Taco Tico
- Company type: Private company
- Industry: Restaurants
- Founded: Wichita, Kansas (1962; 64 years ago)
- Headquarters: Wichita, Kansas
- Products: Tacos, Burritos, Enchiladas, Taco Burger, Nachos, Sanchos, Taco Salad, and Cinnamon Crustos
- Website: tacotico.us

= Taco Tico =

Chain of Tex-Mex cuisine fast-food restaurants

Taco Tico is a chain of Tex-Mex cuisine fast-food restaurants headquartered in Wichita, Kansas, United States.

==History==
In late 1960, brothers Dan and Robin Foley went to work for their cousins, Richard and Mike Foley at their fast food Mexican restaurants, Taco Grande. Soon thereafter, Dan and Robin left their positions and opened the first Taco Tico in 1962, in their native Wichita, Kansas, and began franchising new locations in 1967. The company was a regional hit by 1980.

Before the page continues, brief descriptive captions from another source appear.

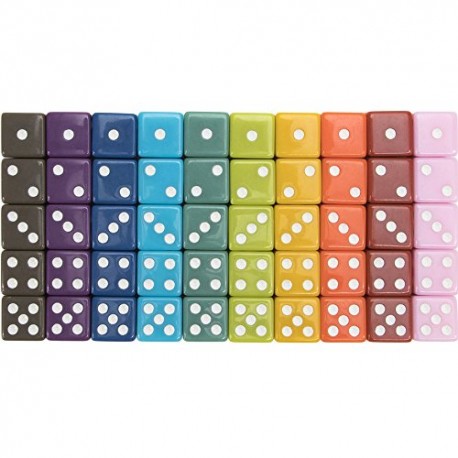 50-Pack Solid 6-Sided Game Dice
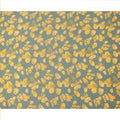 Sage Grey with Yellow Floral Leaf Printed Cotton Lawn Fabric, 110 Cms Width, Made in India-D23560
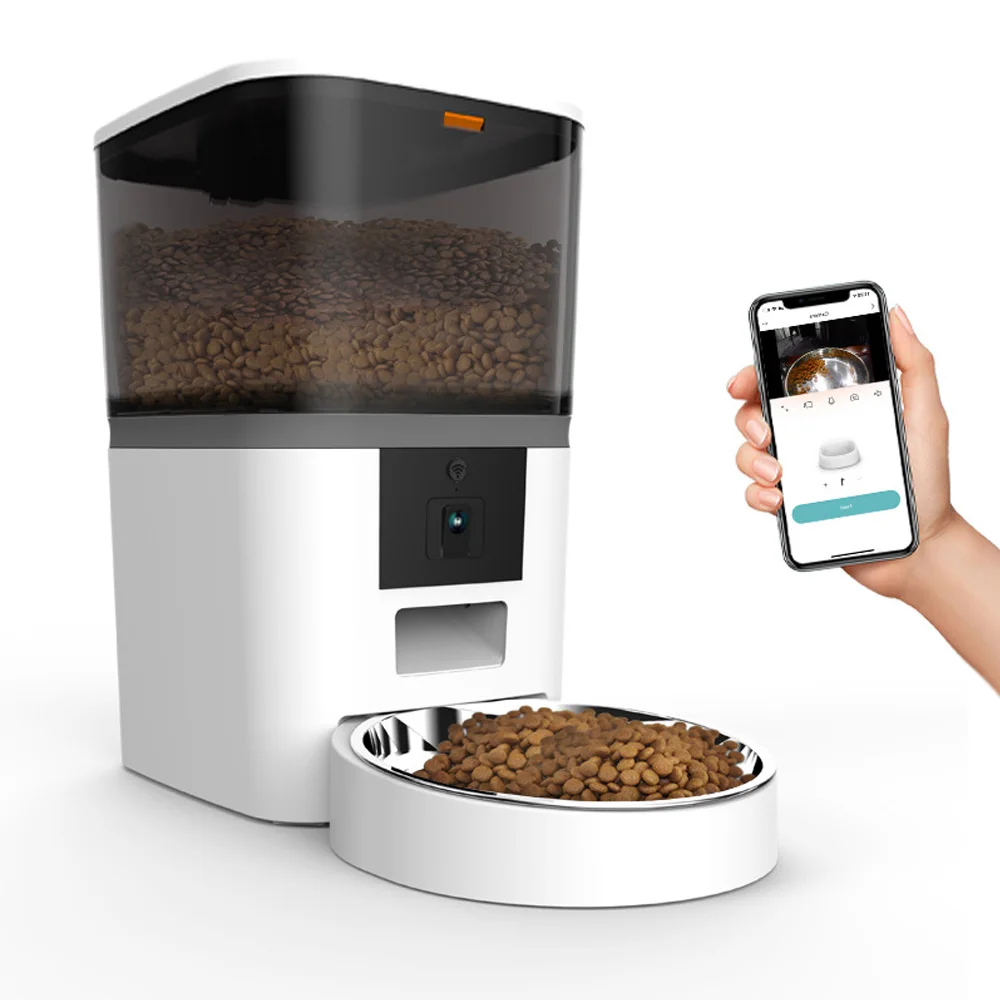 4L Automatische Kat Feeder Slimme Huisdier Feeder Voor Katten Kleine Honden Voedsel Dispenser Met Camera Recorder Timing Kwantitatieve Dubbele Kom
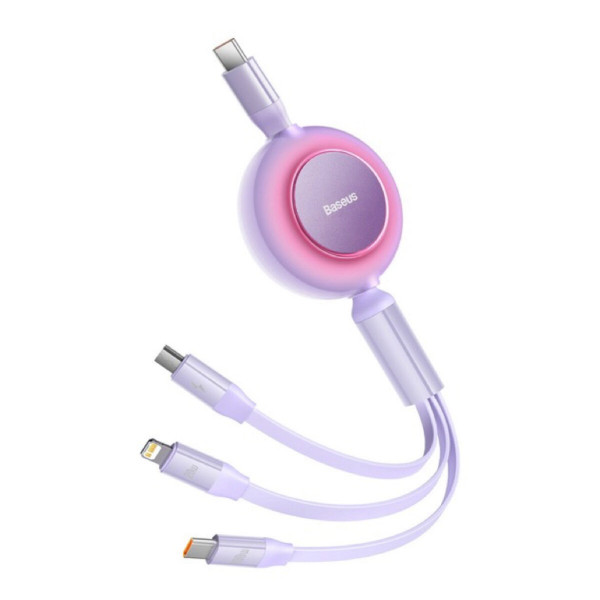 Кабель Baseus Bright Mirror 2 Series Retractable 3-in-1 Fast Charging Data Cable Type-C to M+L+C 100W 1.1m Purple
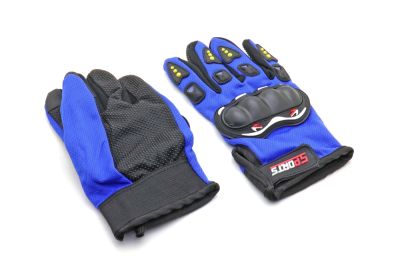перчатки с пальцами "sport" с защитой синие (сенсорные)
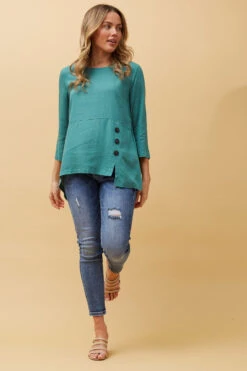 BUTTON DETAIL LINEN TOP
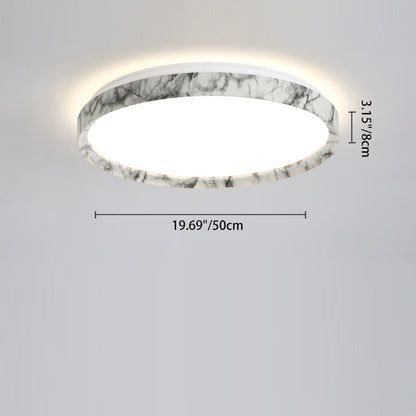 Modern Minimalist Round Cylindrical Iron Acrylic LED Flush Mount Ceiling Light For Bedroom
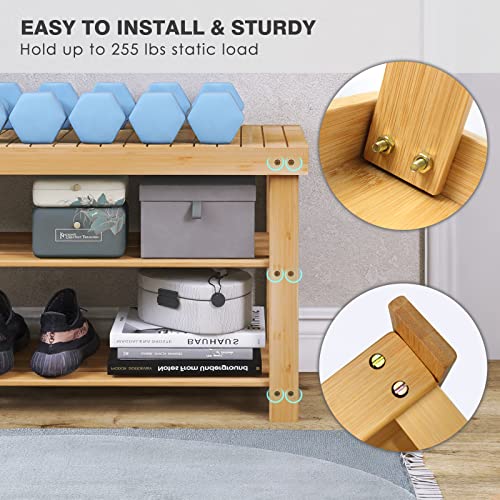 SMIBUY Bamboo Shoe Rack Bench, 3-Tier Shoe Organizer Storage Shelf for Entryway Hallway Bathroom Living Room (Natural) - color: Natural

In 1988, Foley sold the company and chain to a former executive from KFC. The meat recipe, which gave Taco Tico tacos their unique flavor, was changed at that time. This meat was sent to the stores in frozen tubes from the main distribution center. The new flavoring was unpopular and Taco Tico has since switched back to the original.

On March 5, 2013, 10 restaurants were closed by the Kansas Department of Revenue for failure to remit $434,939.23 in sales tax. The restaurants were later reopened after a bankruptcy filing and a deal between Ajax International Group and the Kansas Department of Revenue. Three independently franchised locations were unaffected by the closure or bankruptcy filing.

On July 11, 2013, the State of Kansas again closed 10 Taco Tico franchises for failure to pay state taxes.

Three remaining Wichita-area Taco Tico restaurants closed in August and September 2013.

On February 5, 2014, the new owner reopened one of the former Wichita locations, with plans to open at least four more stores in Wichita by the end of 2014. On October 25, 2014, one of the closed locations in Topeka reopened after being purchased by new owners.

By November 2018, the company had two stores in Wichita, and one store each in Arkansas City, Augusta, Derby, and Newton, Kansas.

In 2019, the company opened one store in El Dorado, Kansas

Now privately owned (no longer franchise) Taco Ticos include locations in Claremore, Oklahoma; El Dorado, Kansas; Derby, Kansas; Topeka, Kansas; Texarkana, Texas; Lexington, Kentucky; Duncan, Oklahoma; Mason City, Iowa; Fort Dodge, Iowa; and Kenner, Louisiana.